Now let's stack 3 `GCN_Layer` in order to construct a full Graph Neural Network. The GNN is followed by a `Linear` layer that will output the final classification between the 2 categories.

In [17]:
import torch
import torch.nn as nn

class GNN(nn.Module):
    def __init__(self,
                    in_features = 7,
                    hidden_dim = 64,
                    classes = 2,
                    dropout = 0.5):
        super(GNN, self).__init__()

        self.conv1 = GCN_Layer(in_features, hidden_dim)
        self.conv2 = GCN_Layer(hidden_dim, hidden_dim)
        self.conv3 = GCN_Layer(hidden_dim, hidden_dim)
        self.fc = nn.Linear(hidden_dim, classes)
        self.dropout = dropout

    def forward(self, x,A):
        x = self.conv1(x, A)
        x = F.relu(x)
        x = self.conv2(x, A)
        x = F.relu(x)
        x = self.conv3(x, A)
        x = F.dropout(x, p=self.dropout, training=self.training)
        # aggregate node embeddings
        x = x.mean(dim=1)
        # final classification layer
        return self.fc(x)


## Training loop


In [22]:
criterion = torch.nn.CrossEntropyLoss()
device = torch.device('cuda' if torch.cuda.is_available() else 'cpu')

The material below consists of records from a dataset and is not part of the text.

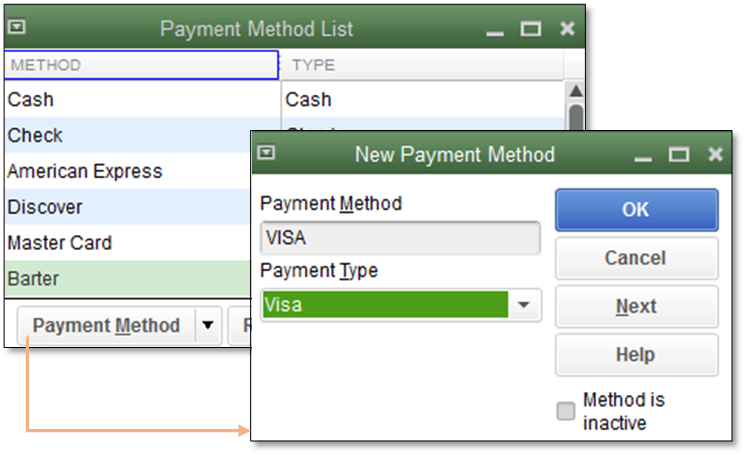 Payment Method Software Screenshot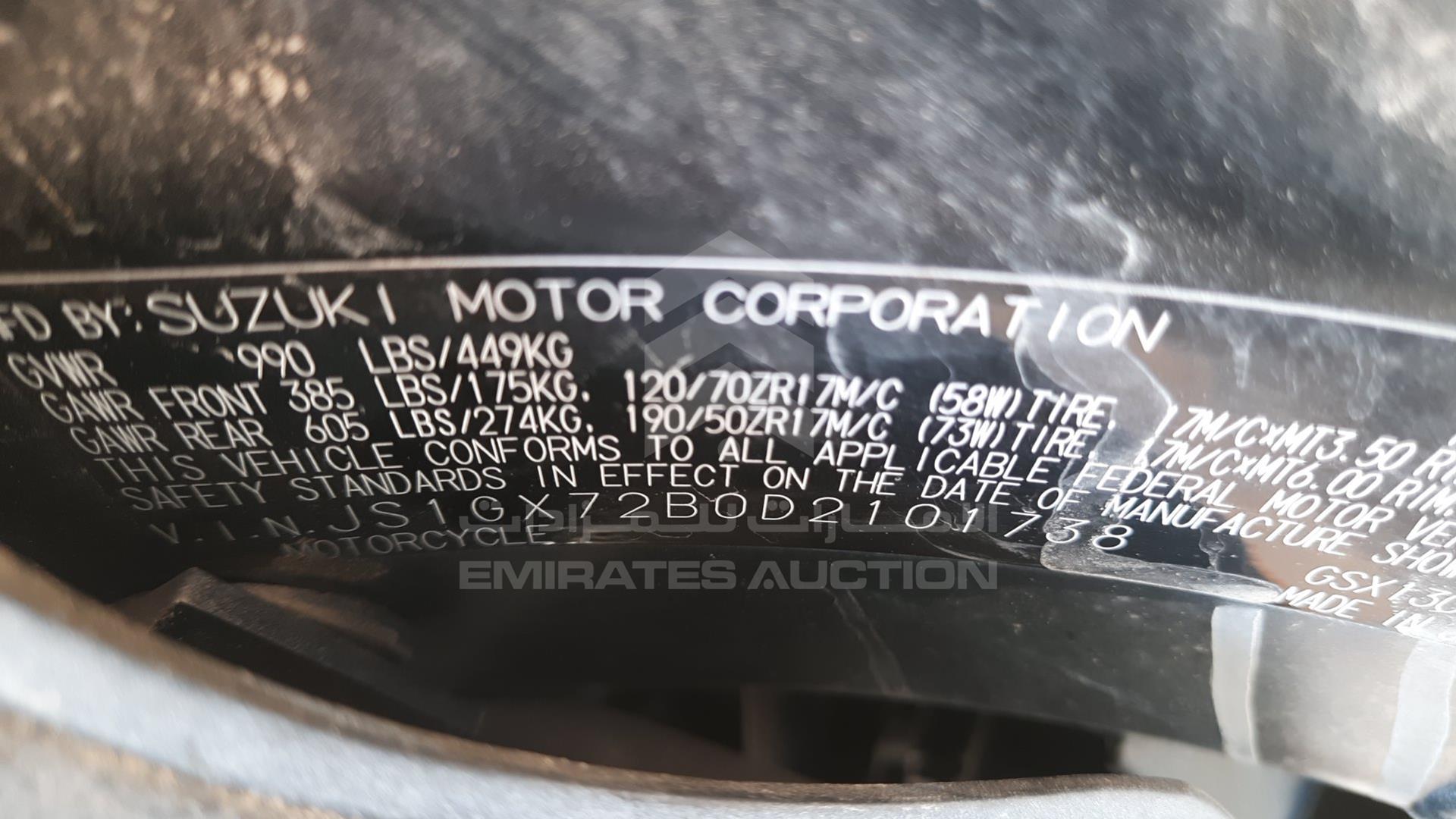 0 SUZUKI GSX 1300 VIN: JS1GX72B0D2101738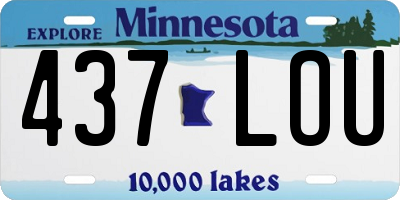 MN license plate 437LOU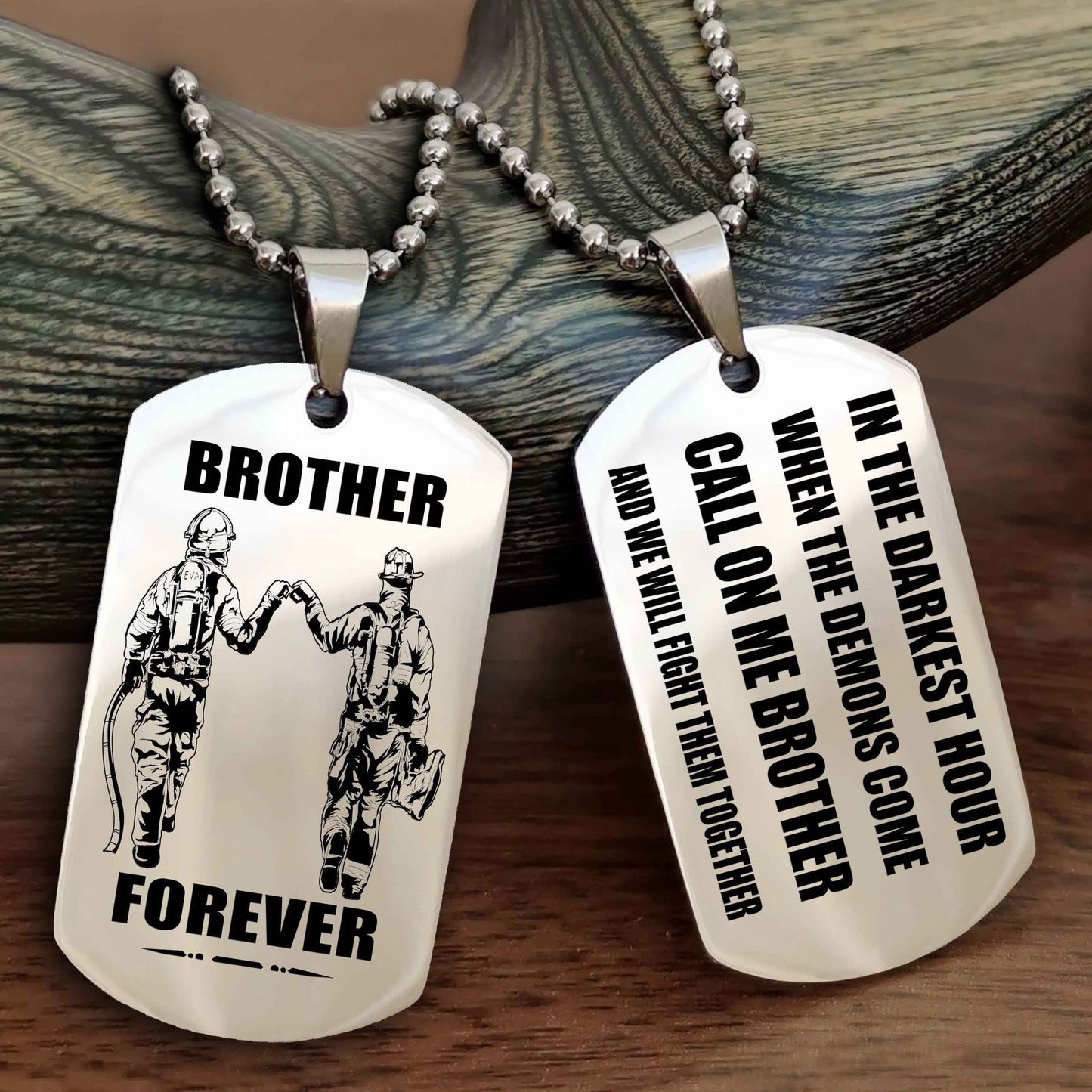 Viking Engraved Double Sided Dog Tag Call On Me Brother NAG Brothers Forever We Will Fight Them Together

print(f'Training on {device}')
model = GNN(in_features = 7,
                hidden_dim = 128,
                classes = 2).to(device)

optimizer= torch.optim.SGD(model.parameters(), lr=0.01)

def train(train_loader):
    model.train()

    for data in train_loader: 
        optimizer.zero_grad()  
        X, A, labels = data
        X, A, labels = X.to(device), A.to(device), labels.to(device)  
        # Forward pass.
        out = model(X, A)  
        # Compute the graph classification loss.
        loss = criterion(out, labels) 
        # Calculate gradients.
        loss.backward()  
        # Updates the models parameters
        optimizer.step() 

def test(loader):
    model.eval()
    correct = 0
    for data in loader:
        X,A, labels = data
        X, A, labels = X.to(device), A.to(device), labels.to(device) 
        # Forward pass.
        out = model(X, A)  
        # Take the index of the class with the highest probability.
        pred = out.argmax(dim=1) 
        # Compare with ground-truth labels.
        correct += int((pred == labels).sum()) 
    return correct / len(loader.dataset)  

best_val = -1
for epoch in range(1, 241):
    train(train_dataset)
    train_acc = test(train_dataset)
    val_acc = test(val_dataset)
    if val_acc>best_val:
        best_val = val_acc
        epoch_best = epoch
    
    if epoch%10==0:
        print(f'Epoch: {epoch:03d}, Train Acc: {train_acc:.4f}, Val Acc: {val_acc:.4f} || Best Val Score: {best_val:.4f} (Epoch {epoch_best:03d}) ')

Training on cuda


RuntimeError: Expected all tensors to be on the same device, but found at least two devices, cuda:0 and cpu! (when checking argument for argument mat1 in method wrapper_CUDA_addmm)